I’m not saying everyone should hang out in dimly lit, smoky bars. Everyone has their preferred hangouts, even if it’s a recliner in the comfort of one’s own home, which is my choice most nights of the year. But there are aspects of the roadhouse worthy of consideration, even if one visits such a place only in a novel.

Few places are more egalitarian than a roadhouse.

First off, like a genuine pub in the UK, there is no place for pretension in a roadhouse.  Social status, wealth, these count for nothing. There is no first class seating, no VIP section. No ambitious posers networking, gaming for the most adventitious connection in the room.

Second, you find the most down-home folks in a roadhouse. Sure you might encounter the occasional jerk, but for the most part, if you’re polite and genuine, you’ll find regular folks willing to accept you as you are.

Hensley needed a base of operations in Santa Fe, and I could think of no more likely place for a person of his caliber than a genuine roadhouse. But this isn’t the kind of place you can identify through net research. You have to live in a place to discover the real establishments. Consequently, I had no choice but to create one.

I quickly settled on the name Tinker’s Dam, because in a novel names are important. The phrase “not worth a tinker’s dam” refers to something worthless. Some might think this refers to a cuss word, hence the often-used alternative “tinker’s cuss.” However, it’s tinker’s dam, not tinker’s damn. It refers to a bit of throw-away material used by a tinker to hold solder in place to repair a pot.

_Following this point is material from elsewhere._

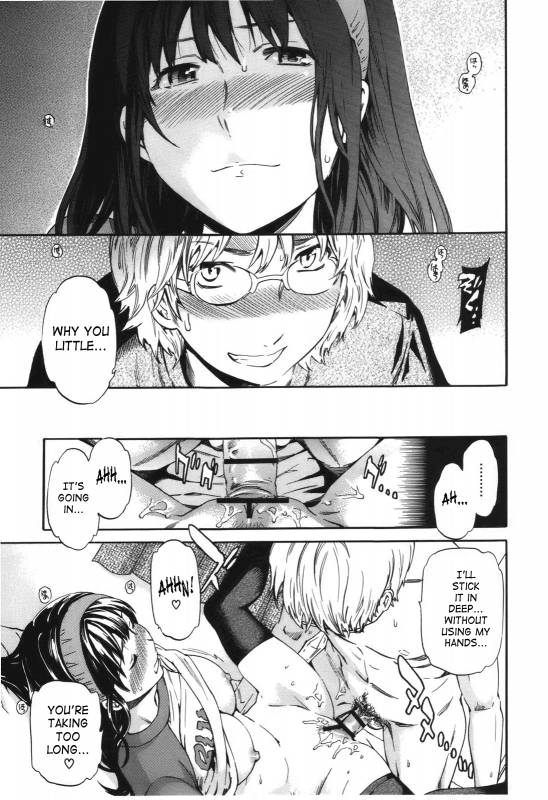 [Cuvie] - Hoshigari!  - Complete (English)[SaHa]_017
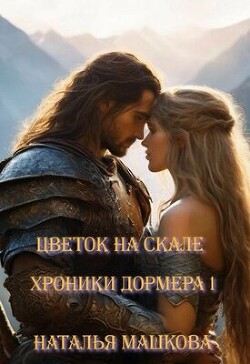 Читать онлайн книгу Цветок на скале (СИ) автор Машкова Наталья Книга Цветок на скале (СИ)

The Tinker’s Dam is a roadhouse where those individuals society might deem worthless gather. Based on net research, I decided one would find such an establishment east of town on Old Las Vegas Highway as it parallels I-25. I took a drive out that direction and discovered that a lot of nice developments have sprung out that direction. But I also found the derelict shell of the Bobcat Bite in the perfect location for the Tinker’s Dam.

The former Bobcat Bit as a location for The Tinker's Dam
The former Bobcat Bit as a location for The Tinker’s Dam
The former Bobcat Bit as a location for The Tinker's Dam
The former Bobcat Bit as a location for The Tinker’s Dam

In the novel, a  gentle giant by the name of Scooter Bell owns the place. In his youth, his school buddies graced him with the ironic nickname Tinker Bell. It stuck and he owned it to the degree that he named his place of business, the Tinker’s Dam.

Turns out I wasn’t the first to think of it as the name of a bar. But I just now found that out. 😉

When Hensley returns to Santa Fe on his quest, he turns to his old friend for employment. In the crucible of the Tinker’s Dam, Hensley engages those in need of his counsel and faces his own midnight of the soul.

As I wrote, more than once I thought how interesting it would be to sit down with you, gentle reader, in a place such as the Tinker’s Dam and swap stories, ideas, confabulations. The modern equivalent of the primeval campfire, the marketplace of humanity the crossroads of the human experience.

Give me a call, come on down, and we’ll create our own Tinker’s Dam.